Everything below from the line with "Custom Military Camouflage" through the line with "Large Light Blue" should be copied exactly, and nothing else; leave out the pictures.

************

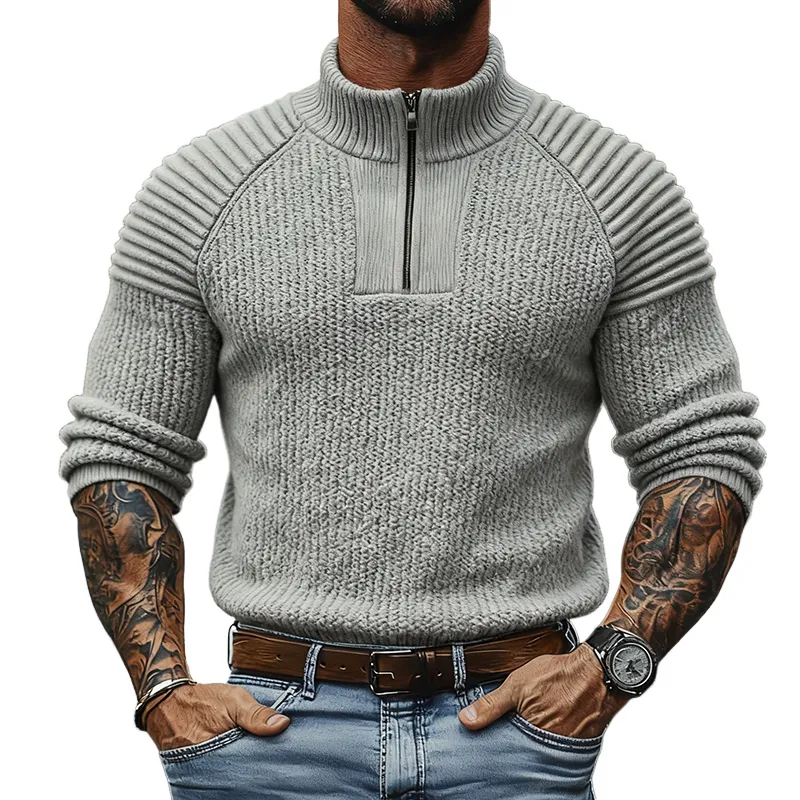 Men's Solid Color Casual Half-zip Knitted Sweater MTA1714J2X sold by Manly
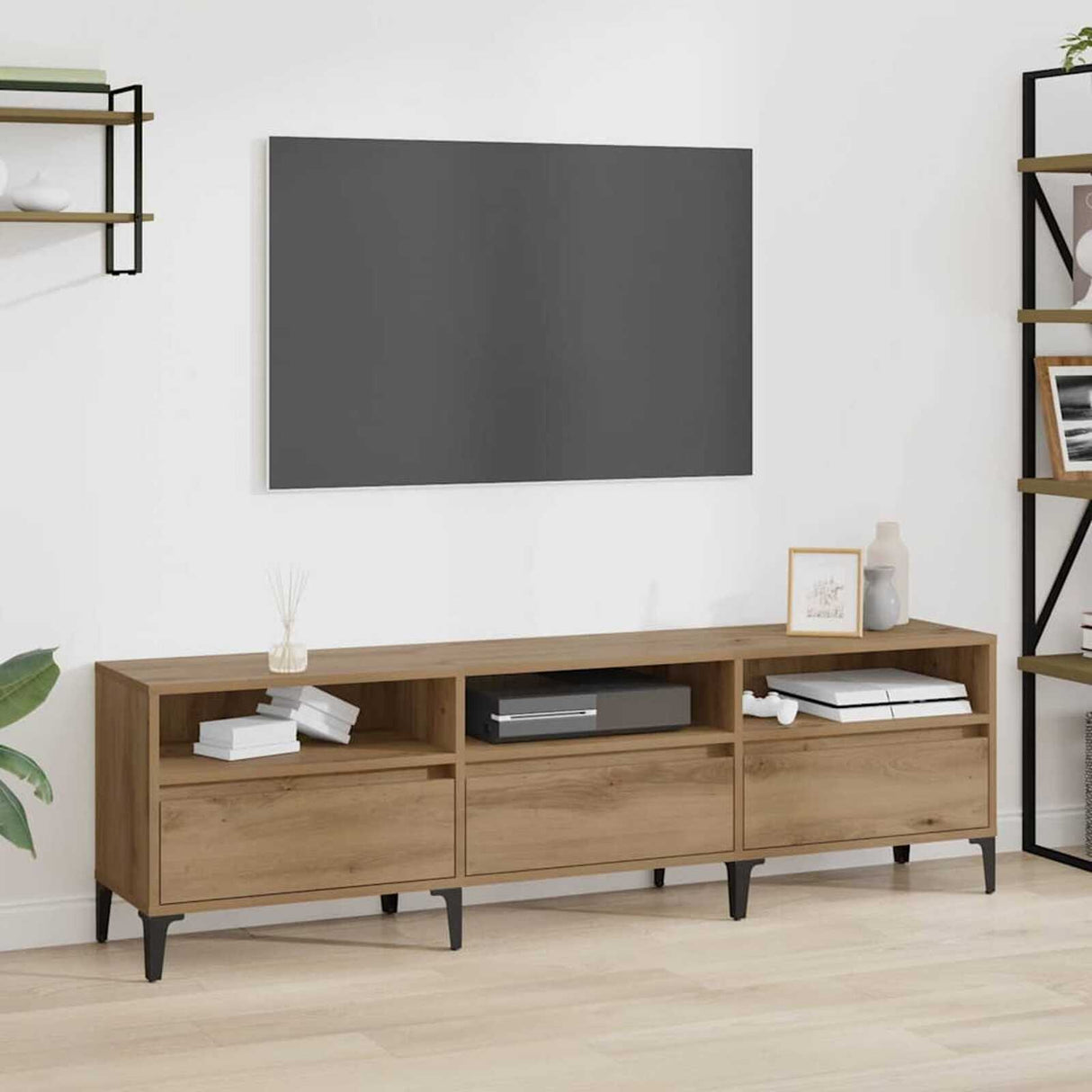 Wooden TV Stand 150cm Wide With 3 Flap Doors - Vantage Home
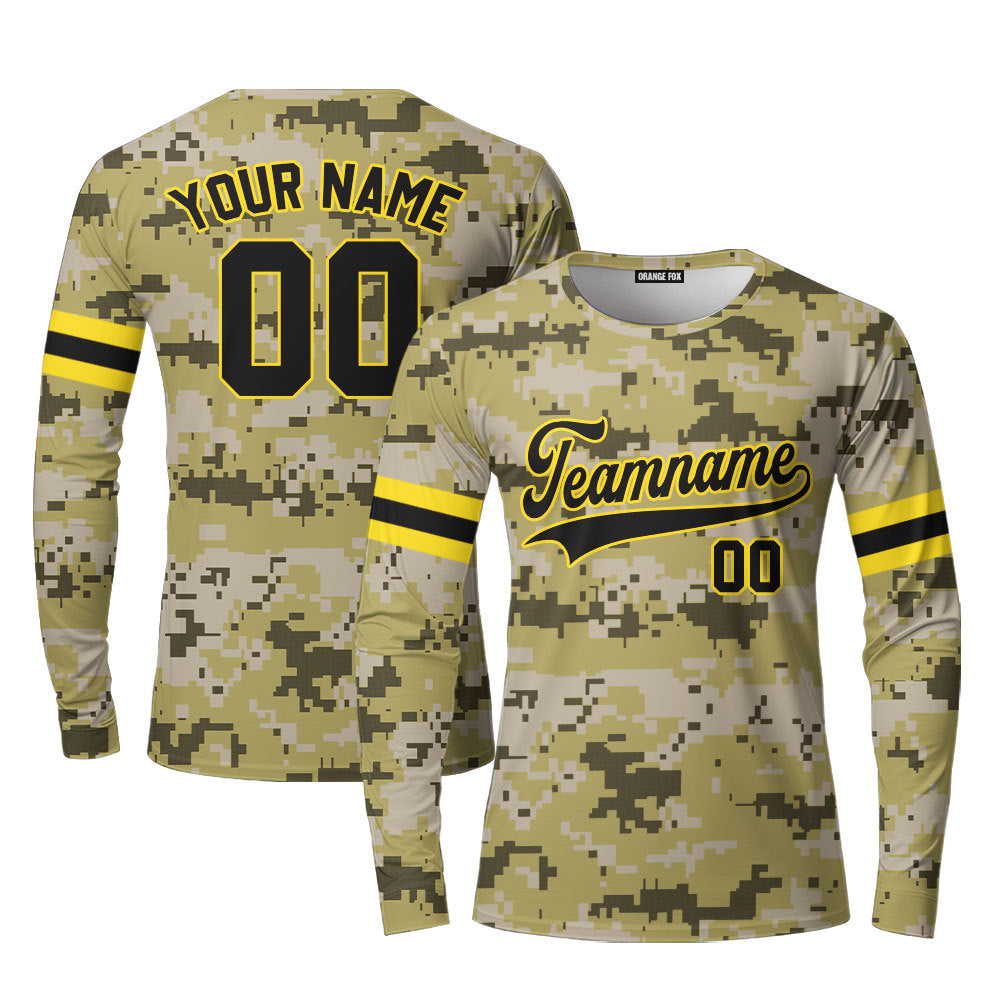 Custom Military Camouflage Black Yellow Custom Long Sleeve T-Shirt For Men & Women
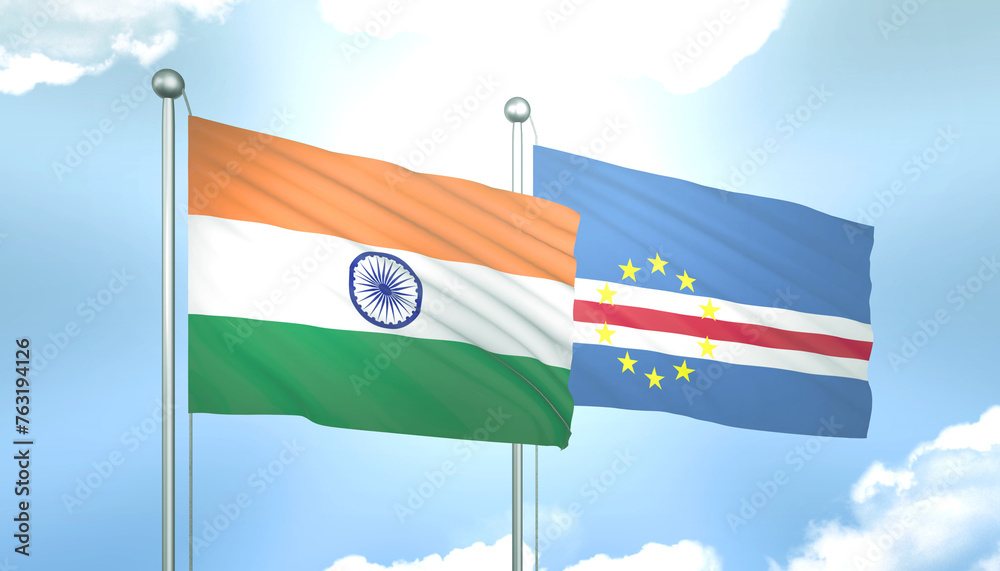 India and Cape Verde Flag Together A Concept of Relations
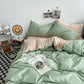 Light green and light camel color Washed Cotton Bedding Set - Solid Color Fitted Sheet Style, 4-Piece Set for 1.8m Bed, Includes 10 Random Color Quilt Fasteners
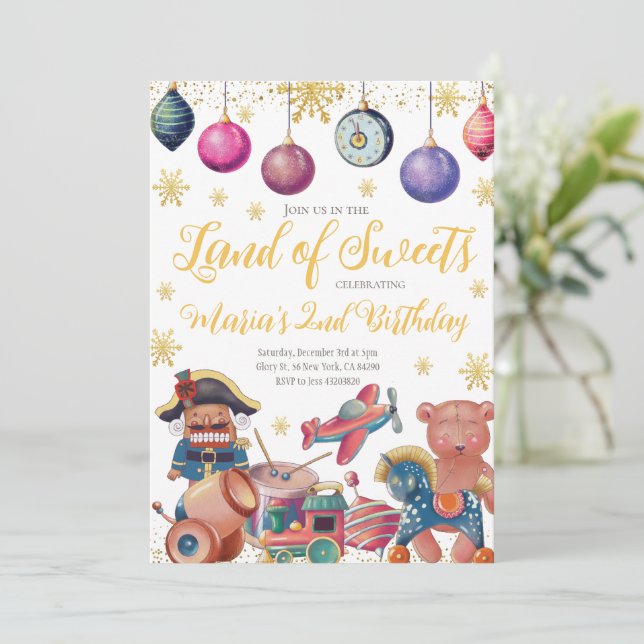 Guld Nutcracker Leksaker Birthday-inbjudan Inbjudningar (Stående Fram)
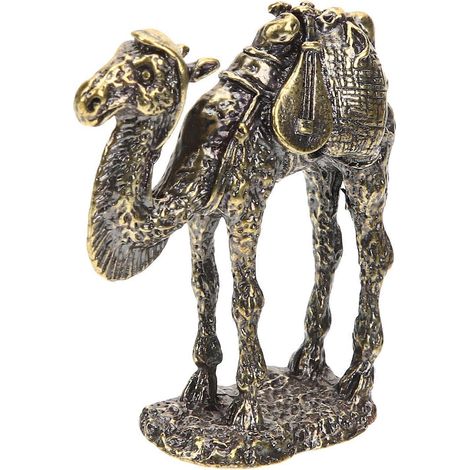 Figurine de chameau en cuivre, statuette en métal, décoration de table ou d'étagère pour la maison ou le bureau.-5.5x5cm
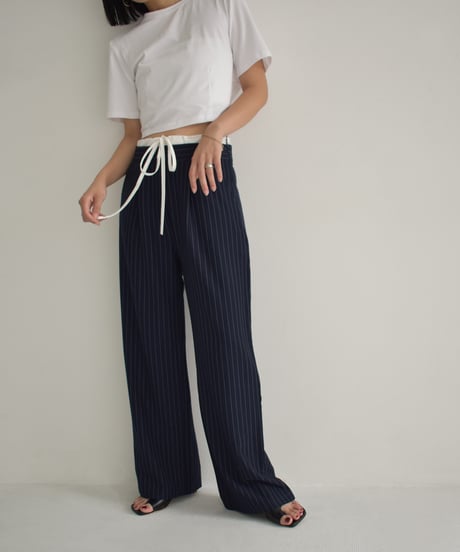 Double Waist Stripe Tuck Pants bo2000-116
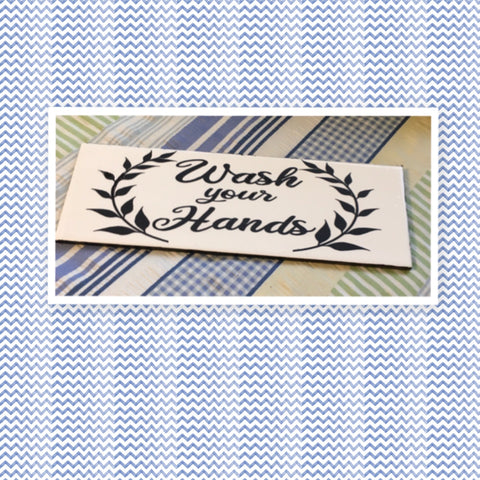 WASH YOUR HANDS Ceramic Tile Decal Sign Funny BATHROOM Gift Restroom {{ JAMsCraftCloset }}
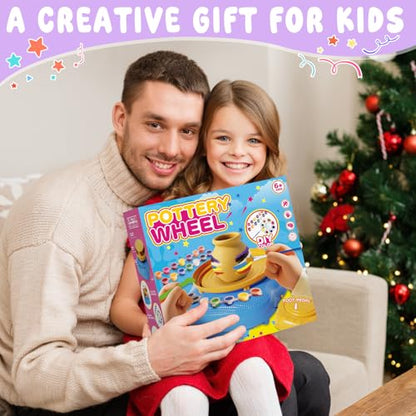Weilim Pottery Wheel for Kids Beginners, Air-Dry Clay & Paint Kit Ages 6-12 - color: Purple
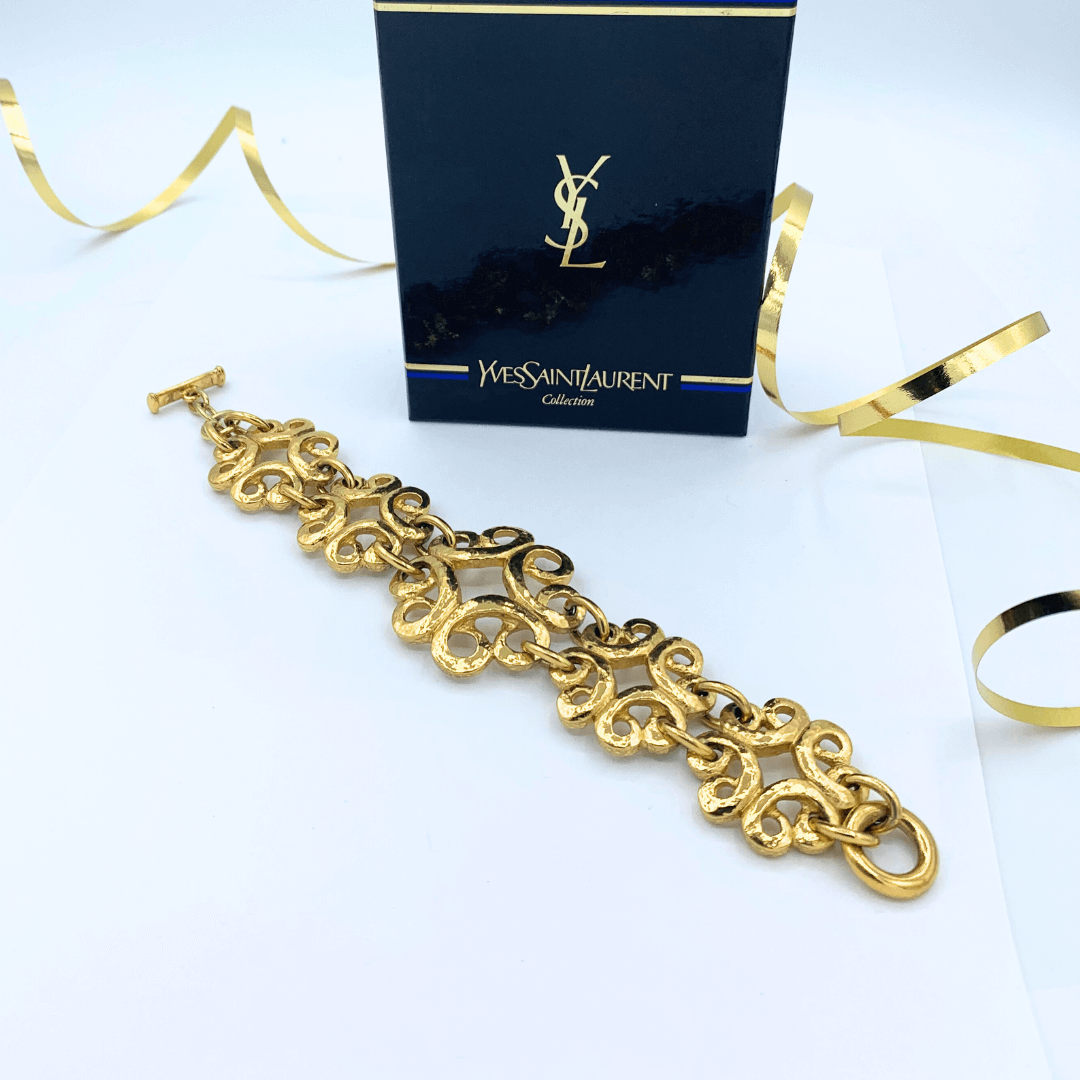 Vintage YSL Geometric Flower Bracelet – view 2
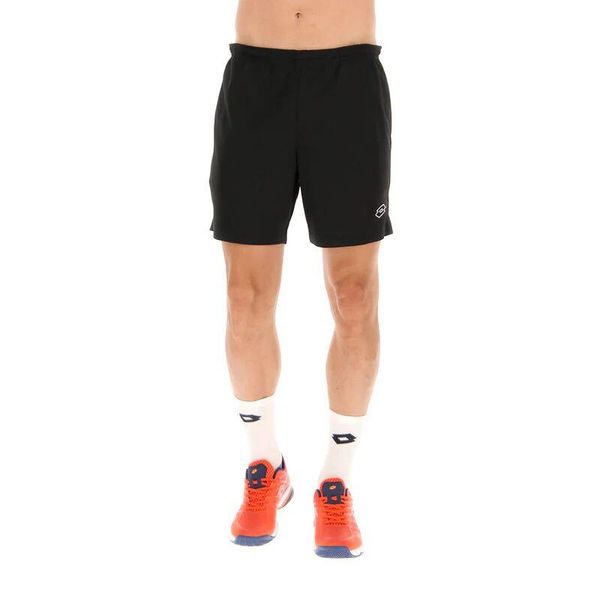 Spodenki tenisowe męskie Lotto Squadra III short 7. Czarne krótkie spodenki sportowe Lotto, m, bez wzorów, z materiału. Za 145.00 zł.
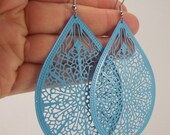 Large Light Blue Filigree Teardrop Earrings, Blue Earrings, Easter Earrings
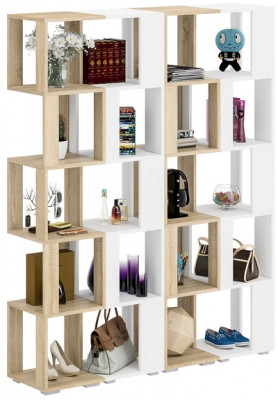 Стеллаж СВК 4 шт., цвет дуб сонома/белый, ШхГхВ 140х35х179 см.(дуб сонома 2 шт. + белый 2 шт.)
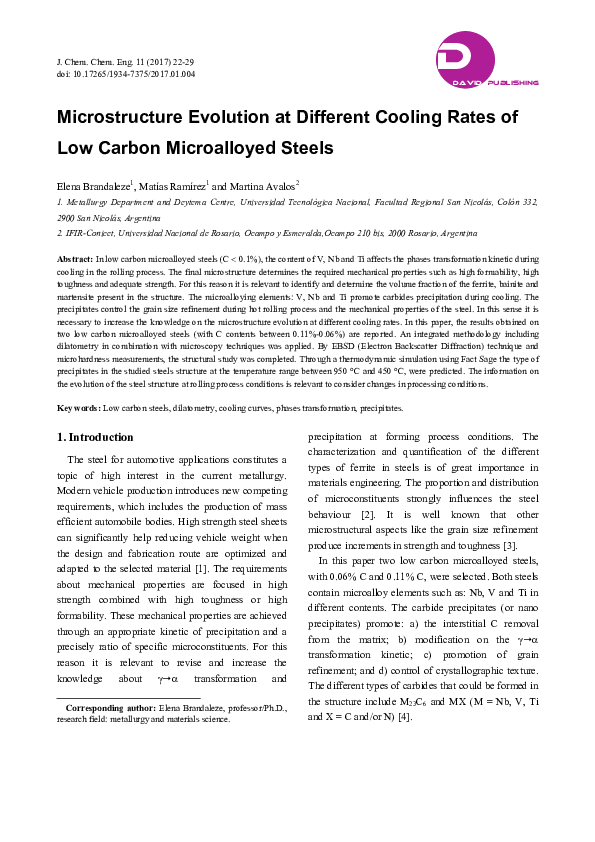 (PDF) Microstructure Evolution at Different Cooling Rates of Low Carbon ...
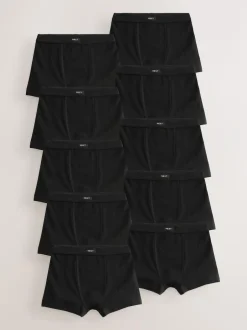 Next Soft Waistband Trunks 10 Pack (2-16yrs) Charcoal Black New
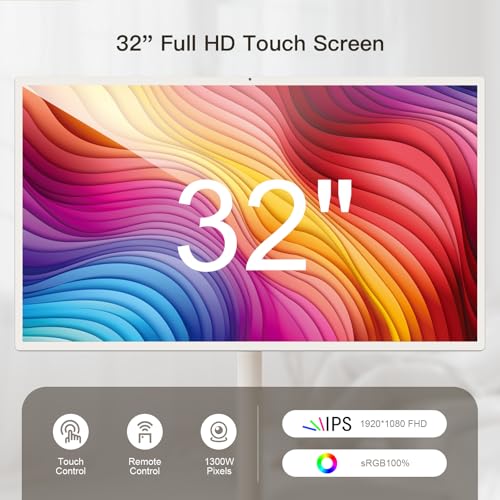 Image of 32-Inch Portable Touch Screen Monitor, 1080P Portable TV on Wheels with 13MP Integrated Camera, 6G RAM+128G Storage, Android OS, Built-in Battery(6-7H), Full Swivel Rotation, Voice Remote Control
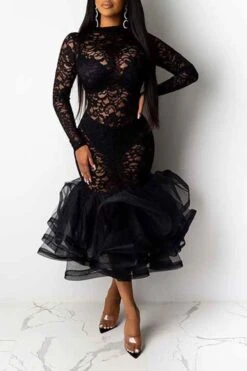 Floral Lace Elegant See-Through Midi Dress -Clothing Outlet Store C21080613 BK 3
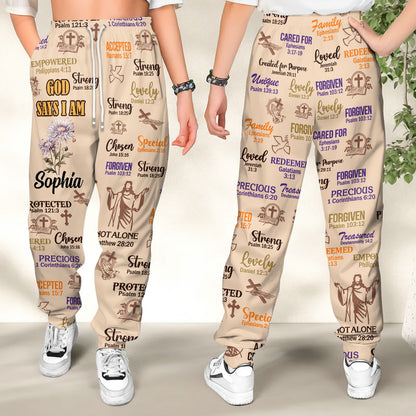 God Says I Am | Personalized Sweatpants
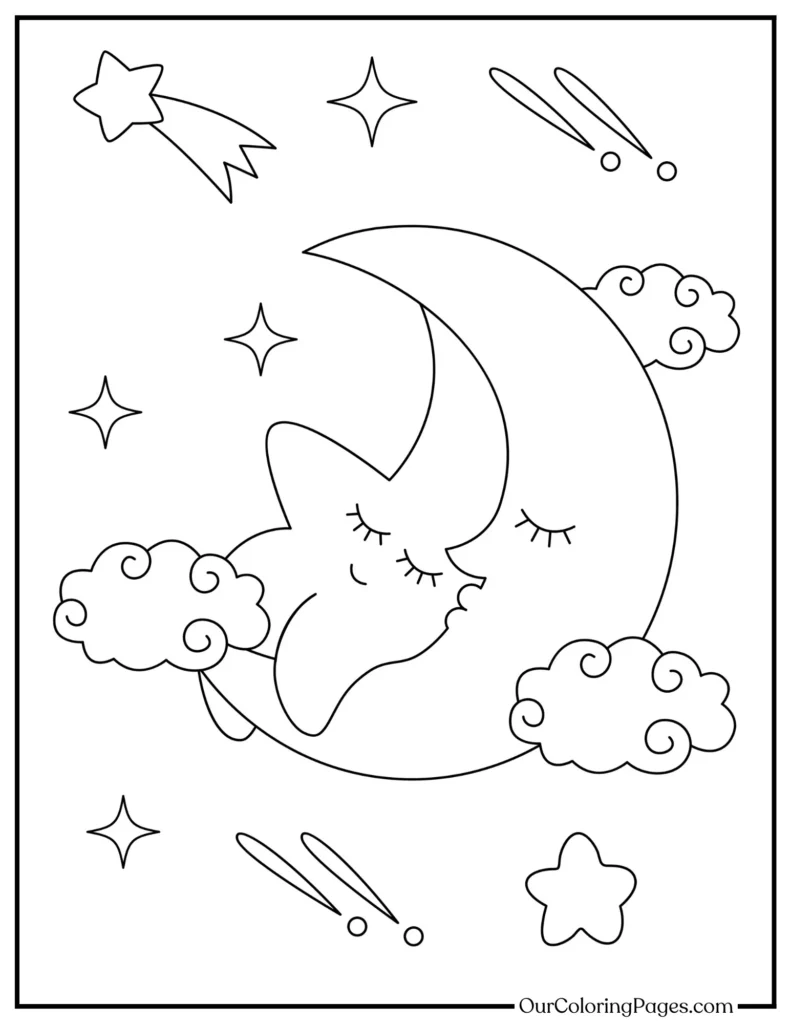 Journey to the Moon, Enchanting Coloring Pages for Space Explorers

************

Your response:
 Custom Military Camouflage Black Yellow Custom Long Sleeve T-Shirt For Men & Women
 India and Cape Verde Flag Together A Concept of Relations
 Light green and light camel color Washed Cotton Bedding Set - Solid Color Fitted Sheet Style, 4-Piece Set for 1.8m Bed, Includes 10 Random Color Quilt Fasteners
 Guld Nutcracker Leksaker Birthday-inbjudan Inbjudningar (Stående Fram)
 Figurine de chameau en cuivre, statuette en métal, décoration de table ou d'étagère pour la maison ou le bureau.-5.5x5cm
 Double Waist Stripe Tuck Pants bo2000-116
 WASH YOUR HANDS Ceramic Tile Decal Sign Funny BATHROOM Gift Restroom {{ JAMsCraftCloset }}
Weilim Pottery Wheel for Kids Beginners, Air-Dry Clay & Paint Kit Ages 6-12 - color: Purple
 Vintage YSL Geometric Flower Bracelet – view 2
 Spodenki tenisowe męskie Lotto Squadra III short 7. Czarne krótkie spodenki sportowe Lotto, m, bez wzorów, z materiału. Za 145.00 zł.
 Large Light Blue Filigree Teardrop Earrings, Blue Earrings, Easter Earrings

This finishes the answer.